Ellen Molloy

Personal information
- Date of birth: 5 June 2004 (age 22)
- Place of birth: Kilkenny, Ireland
- Position: Midfielder

Team information
- Current team: Pittsburgh Riveters
- Number: 10

Youth career
- Thomastown United

Senior career*
- Years: Team / Apps / (Gls)
- 2019–2024: Wexford Youths /  / (29)
- 2024–2025: Sheffield United / 5 / (1)
- 2025: Wexford FC / 21 / (11)
- 2026–: Shamrock Rovers / 5 / (2)
- 2026: → Pittsburgh Riveters (loan) / 10 / (4)

International career^{‡}
- 2020–: Republic of Ireland / 7 / (0)

= Ellen Molloy =

Irish footballer

Ellen Molloy (born 5 June 2004) is an Irish footballer who plays as a midfielder for American Club Pittsburgh Riveters on loan from Irish club Shamrock Rovers. In her club career, she has played for Wexford FC and Sheffield United. She has also been capped by the Republic of Ireland women's national team.

==Club career==
Molloy's youth soccer career was considered successful. She spent her developmental time with Thomastown United and the Presentation Secondary School in the city of Kilkenny. Her career took a step forward in 2019 at the age of 15 when she transferred to reigning WNL champions Wexford Youths.

Molloy debuted for Wexford Youths on the first day of the delayed 2020 Women's National League season, scoring two goals and serving one assist in a 4–1 home win over Bohemians. She won the WNL Player of the Month award for August 2020 and was praised by Wexford Youths coach Tom Elmes: "She has hit the ground running. She is versatile and can play in a number of different roles and she's done really well for us."
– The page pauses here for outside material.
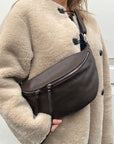 Dark Brown Large Crossbody Bum Bag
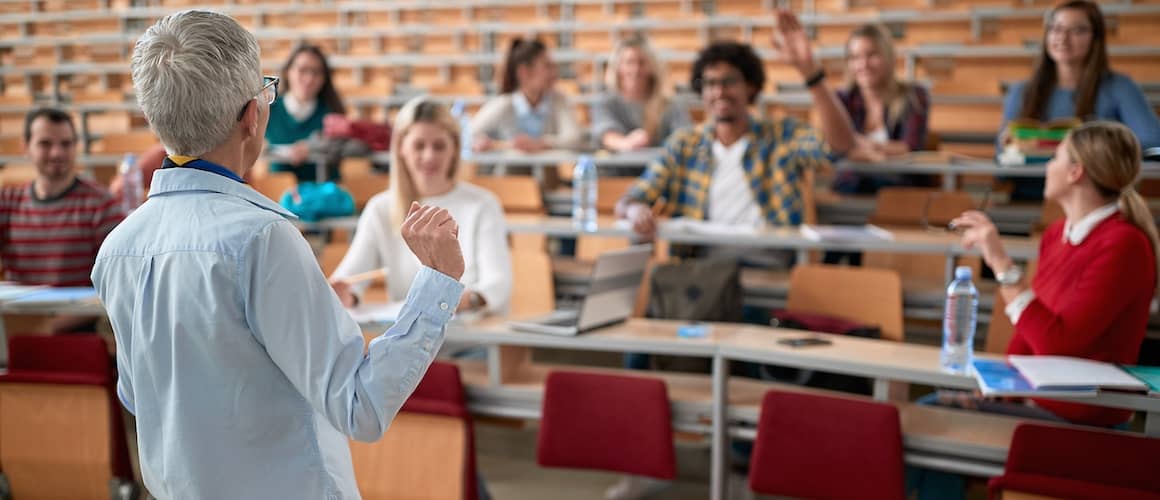 Female professor lecturing the students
In September 2020 Molloy scored twice as Wexford inflicted a first defeat of the season on champions Peamount United. She scored another two goals, including a "goal of the season contender" against Galway on 31 October 2020. At the WNL Awards in December 2020, Molloy was named Young Player of the Season and named in the Team of the Season.

Molloy's impressive form continued into the 2021 Women's National League season. She scored four times in a 7–1 win over Treaty United, then hit a "brilliant, long range" goal in a 5–0 win over Galway two weeks later. She was named Player of the Match in the 2021 FAI Women's Cup Final, as Wexford Youths defeated Shelbourne 3–1. She retained her place in the Team of the Season at the 2021 WNL Awards. Having scored 13 goals from midfield she agreed to remain with Wexford Youths for the following season.
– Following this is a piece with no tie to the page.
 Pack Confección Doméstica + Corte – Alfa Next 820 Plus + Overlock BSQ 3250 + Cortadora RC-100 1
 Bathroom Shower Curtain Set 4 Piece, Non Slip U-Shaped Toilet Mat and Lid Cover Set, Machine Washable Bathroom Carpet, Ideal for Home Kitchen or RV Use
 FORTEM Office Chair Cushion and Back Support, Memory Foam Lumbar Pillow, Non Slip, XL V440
In 2022 Molloy had scored 16 goals and was the league's second top goal scorer as Wexford Youths challenged for the title. She suffered an anterior cruciate ligament injury in a September 2022 fixture against Treaty United and missed the run-in.

On 6 September 2024, Molloy was announced at Sheffield United.

In 2025, Molloy returned to Wexford FC, scoring 16 goals in all competitions. and playing a part as Wexford won the All-Island Cup.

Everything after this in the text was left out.